All in all, it was a splendid display! In fact, it gives future hosts some opportunity to improve


----------



## hngcm (Sep 17, 2002)

Beijing easily IMO.


----------



## Kuvvaci (Jan 1, 2005)

UMD said:


> I was so touched by the whole opening ceremony in Beijing that I had tears coming down from my eyes. I also remembered liking so much the Sydney and the Barcelona opening ceremonies (who can forget the lighting of the cauldron at Barcelona?). However, I switched my channel on the Athens opening ceremony because it was just too boring for me.


Same here (except switching the channel) ... I totaly agree with you


----------



## RobH (Mar 9, 2007)

Most impressive - Beijing
Most moving - Athens
Best flame lighting - Barcelona (don't think it will ever be beaten)

So difficult to compare.


----------



## Jünyus Brütüs (Jul 9, 2007)

Kuvvaci said:


> For example I would expect torch lighting with a tunder by Zeus. not like this, 1980's style.


This was my idea... Ive always imagined a show like this for Athens. Zeus lits the cauldron. That could be unbeatable.


----------



## Kuvvaci (Jan 1, 2005)

When a person visits the museums in Athens , he can think tousends of things for a such show. materials of Greeks were so much to use for such a show, they didn't do and I couldn't believe. There was not even mythology (don't say mynator, eros ect- they were so weak scenes that didn't reflect the mythology, they were like just symbolinc pupets), there was no creative composition and it started with a low speed, finished with low speed and no difference with any Greek parade in New York. Only proper and nice part was the water and openning suculptors and even this part was wonderful, couldn't be enough to save the rest of the weak show.


----------



## city_thing (May 25, 2006)

I liked Beijing's opening ceremony, I hate to admit that I expected more though. I got a bit bored. There were some great moments, and generally it was enjoyable. But it didn't have the 'wow factor' that I was hoping for. They relied so heavily on technology, I'd rather that they used inventive ways of telling stories, rather than just installing a huge TV in the floor.


----------



## nomarandlee (Sep 24, 2005)

MGM said:


> Athens 2004 was great bringing DJ TIESTO, who tried to keep the audience warmed, and made the entrance a big party, FUN. Beijing 2008 was terrible. The music went from a mexican song... to a scottish song... to an african song, every 4 minutes, repeating all the time. The USA entered the stadium with the mexican song, it was bizarre.
> 
> I suggest for London 2012 to put the athletes on the first place and make the experience FUN from them, as long as the entrance is not a MARCH any longer.

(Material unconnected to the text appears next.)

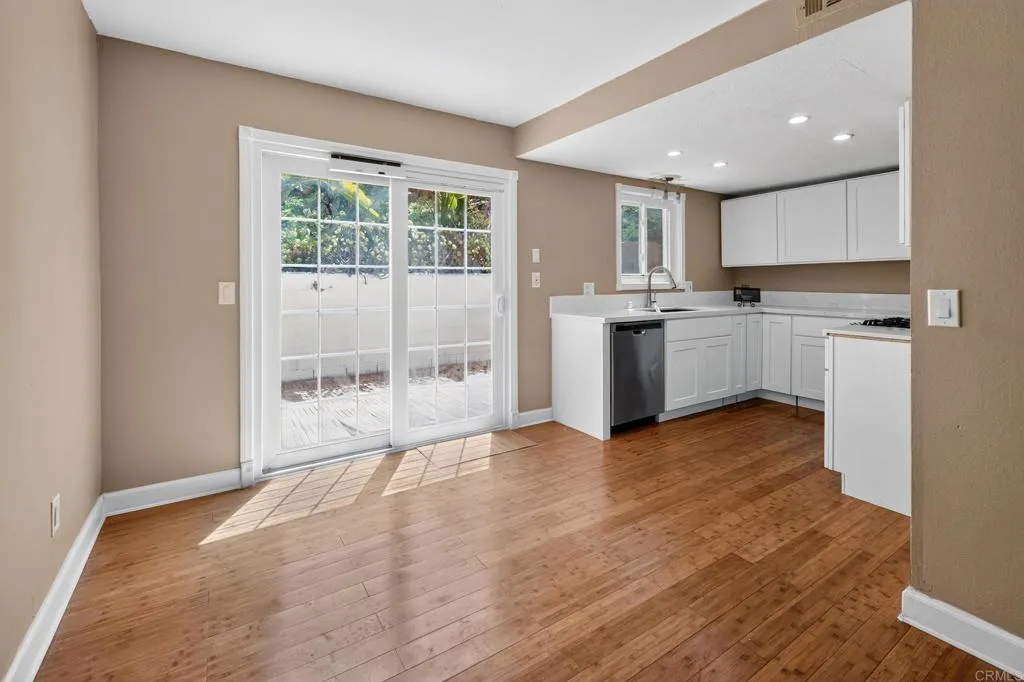 https://cdn.realtyfeed.com/cdn/127/306784549/56dd6da2eeecb18893fb98a102673b5d.webp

 That is the one part where I could not disagree more. Athens musical choice for the parade of nations was horrific if I remember right. Didn't they play ABBA and The Village People (maybe I am thinking of another recent Olympics). 

I did like the use of water as a backdrop in Athens more then the use of LED screens in Beijing though. I am guessing we will see strong LED elements in most Olympics from now on.


----------



## somataki (Aug 10, 2005)

nomarandlee said:


> I am guessing we will see strong LED elements in most Olympics from now on.


Like Eurovision, where every year we see more and more LED !!!:lol::lol::lol:


----------



## Delmat (May 2, 2007)

It was amazing, congratulations to China and Beijing!

but sad thing the new war started on the opening day  
Looks like everybody forgot what the Olympics are about


----------



## MGM (Dec 10, 2007)

nomarandlee said:


> That is the one part where I could not disagree more. Athens musical choice for the parade of nations was horrific if I remember right. Didn't they play ABBA and The Village People (maybe I am thinking of another recent Olympics).
> 
> I did like the use of water as a backdrop in Athens more then the use of LED screens in Beijing though. I am guessing we will see strong LED elements in most Olympics from now on.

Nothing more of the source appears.